UPDATED 08:00 EDT / MARCH 14 2017

BIG DATA

Cloudera aims to make data science easier with new self-service ‘workbench’

Big data company Cloudera Inc. wants to lift the burden off data scientists’ shoulders with a new solution that allows them to use a variety of open-source big data tools while ensuring they remain in compliance with corporate governance regulations.

The new solution is called the Cloudera Data Science Workbench, which the company describes as a “self-service tool for data science” that sits atop of its Cloudera Enterprise platform.

Cloudera said it’s trying to fix a major headache for data scientists that has arisen from the availability of so many new open-source big data technologies in the past few years. The open data science ecosystem has expanded way beyond its original Python and R ecosystems and is now swamped with deep learning frameworks such as Tensorflow, Microsoft Cognitive Toolkit, MXnet and BigDL. Big data scientists want a way to bring these tools to their data, but the complexities of integrating them while ensuring compliance are little short of a nightmare.
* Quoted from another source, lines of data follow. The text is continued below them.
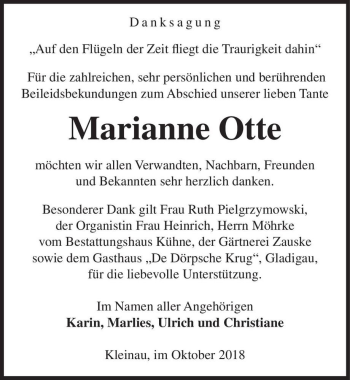 Traueranzeige von Marianne Otte  von Magdeburger Volksstimme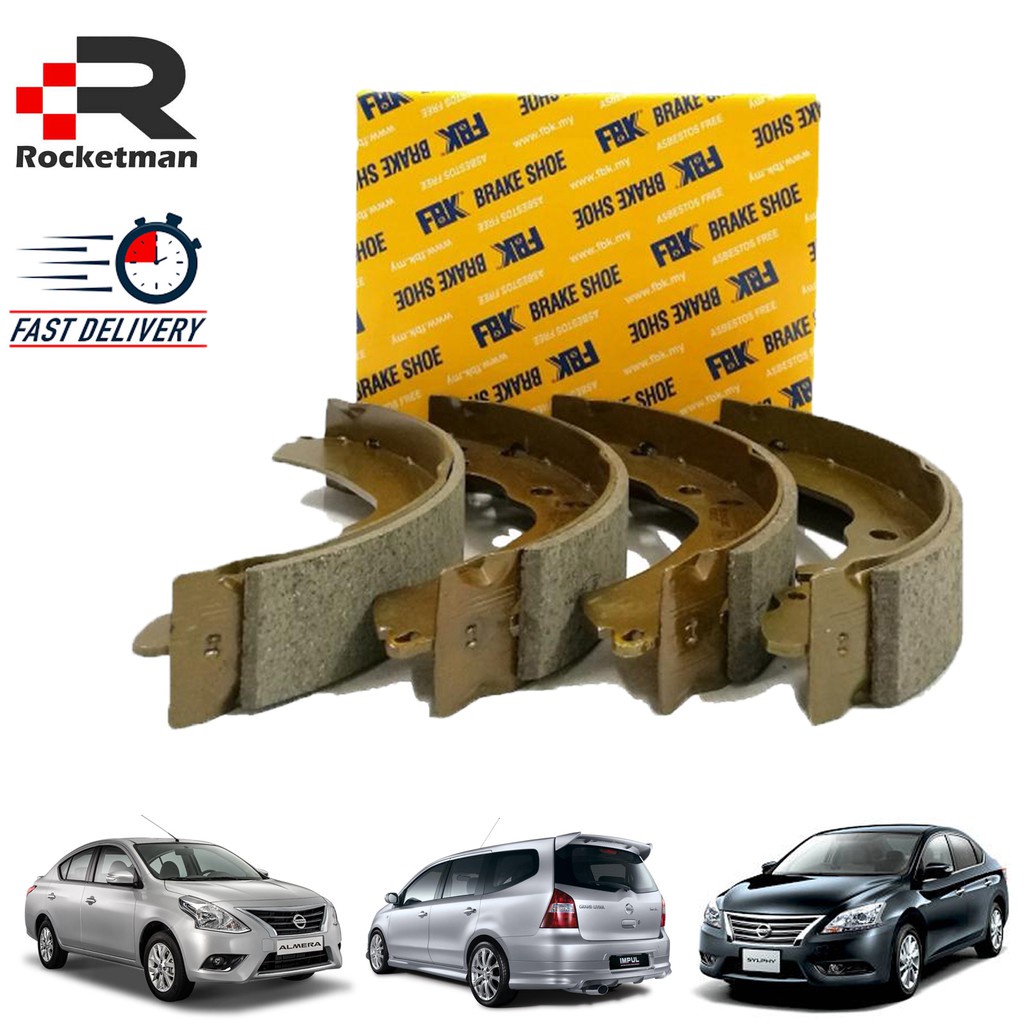 FBK รองเท้าเบรกหลัง NISSAN ALMERA LIVINA LATIO SYLPHY SENTRA FRONTIER NAVARA NV200 SERENA URVANETTE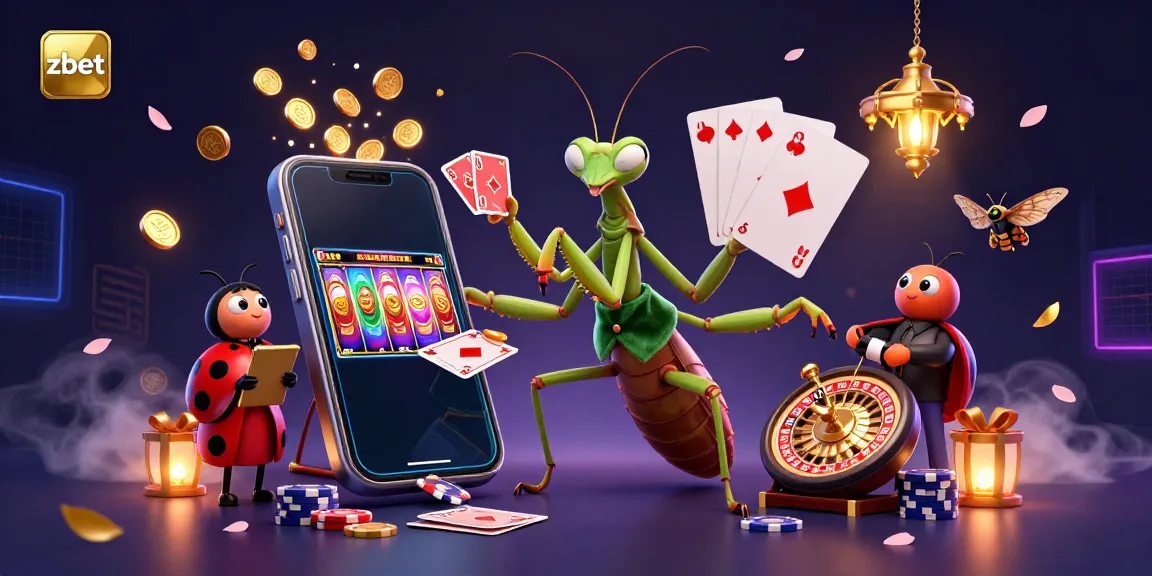 Engage with the vibrant world of zbet, featuring a mantis card sharp and ladybug pit boss amidst an exciting casino scene.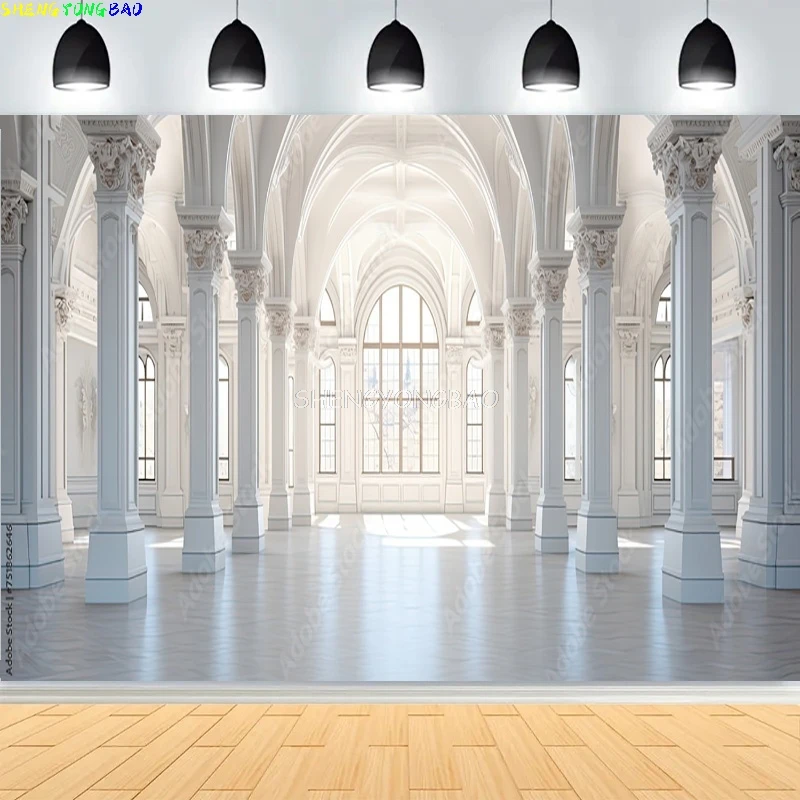 Роскошная просторная комната, арки в стиле барокко, колонны, фоны в стиле рококо, дверной проем, сложная резьба, свадебный фотофон LK-01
The Data Science Workbench is Cloudera’s solution to this torment, giving “data scientists the freedom to use their favorite tools, on existing environments, while keeping in line with IT’s efforts to comply with corporate directives,” the company said in its release.

The solution is based on technology Cloudera acquired when it bought the San Francisco-based data science startup Sense.io last March, executives said. It enables data scientists to use open-source languages such as R, Python, Scala and others, as well as various other libraries and frameworks, with data stored in their Cloudera Enterprise Hadoop environments.

Charles Zedlewski, senior vice president of products at Cloudera, explained that the platform acts like a centralized environment for processing business information from a wide array of sources, allowing data scientists to scale their work to larger datasets and more powerful compute platforms, especially using Spark for data processing and machine learning.

Zedlewski said that Cloudera’s customers often struggle to onboard data scientists to shared environments given their diverse needs. The problem is especially acute where open-source tools are involved, often leading to problems with duplication, analytic silos and limited security and governance.